因みにお弁当は蘭が毎朝作ってくれてる。…やっぱり母属性がついて来ている気がしている。
「……」
「お姉様」
「……」
「お ね え さ ま」
「……」
「…えー、元私の上官で軍で小隊長を務め、元鬼殺隊虹柱を務めていたらしい 桜之──」
「はいただの一般生徒、桜之 Aです!」
「ただの一般生徒は自分のこと一般生徒だなんて自称しませんよ、ふふ。……ところでお姉様、今日はなんだか元気がないようですけど…何かありました?」
目敏い義弟は簡単に私の心を読む。加えて知らぬふりというのをしてくれないのだから、案外意地が悪い。
「…泣かれたの」
「誰かフッたんですか?」
「弟扱いしてくれないって泣かれたの!」
「フッたんですか」
「遥私の話聞いてる!?」
「もちろん、聞いてますよ。ですから、弟にしてくださいって言われたのをフッたんでしょう?」
「…そう、なるの、か…?」
フルって、恋愛的な関係にしか適用されないと思っていたのだが、この場合も当てはまる、らしい。知らないけど。

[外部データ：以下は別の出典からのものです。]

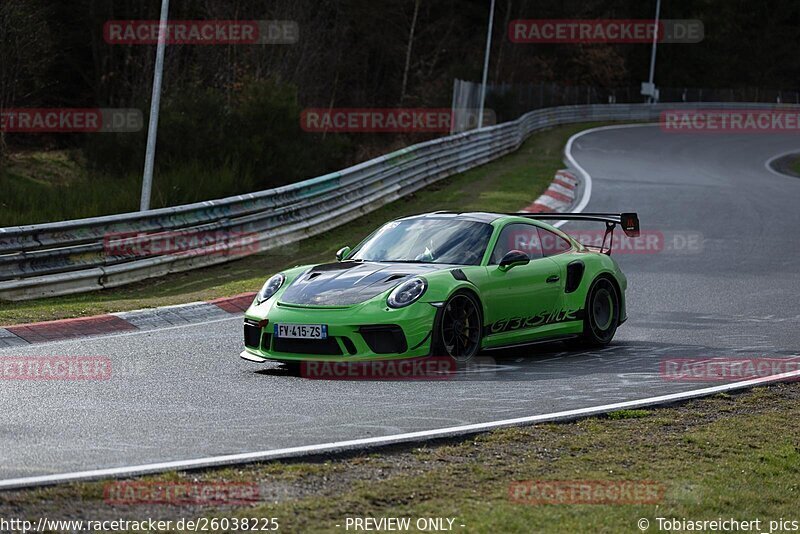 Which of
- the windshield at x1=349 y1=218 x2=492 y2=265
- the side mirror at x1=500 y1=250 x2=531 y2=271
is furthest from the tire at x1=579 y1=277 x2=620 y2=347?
the windshield at x1=349 y1=218 x2=492 y2=265

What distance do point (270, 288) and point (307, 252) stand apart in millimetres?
8829

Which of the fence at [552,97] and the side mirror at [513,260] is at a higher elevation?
the fence at [552,97]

「──Aさんが数多の人間を泣かせるのは今更でしょう。それが生き甲斐なんでしょう?」
ガチャリと扉を開けて入ってきた蘭が刺々しくそう言う。…まだ怒ってるのかな。
「来て早々あらぬ誤解をしないでよ、蘭。…まだ医師免許の件、根に持ってる…?」
「ははは。持ってますけどなにか」
笑うものの、目が笑っていない。怖い。
「……遥ー!!」
「はーい、よしよしお姉様、いいこいいこ〜」
「遥さん、Aさんを甘やかさないでください。また怪我して帰ってきますよ」
「それは困ります。お姉様が痛がるのは…可愛いですけど可哀想です」
「貴方達ってホンットドSよね」
戦場で出会ったこの運命共同体の2人はやはり頭のネジがどこか外れているのだろう。感性がおかしいと常々思う。まぁ私も人のことは言えないのだが。
「…ところで、さ。蘭はなんでそんな医師免許取らせたこと、怒ってるの…?そんな怒ること…?」
「……………」
「蘭…?」
「…はぁ…怪我した生徒や体調の悪いらしい生徒が保健室ではなく私のところに来るんです。医師免許持っているので。診察してくださいって。ははは、笑えますよね」
「笑ってない…蘭、顔が全然笑ってないよ…」
「目の診察が必要ですか?」
「すっっごい笑顔だね!素敵!!」
私はひらりと手のひらを返した。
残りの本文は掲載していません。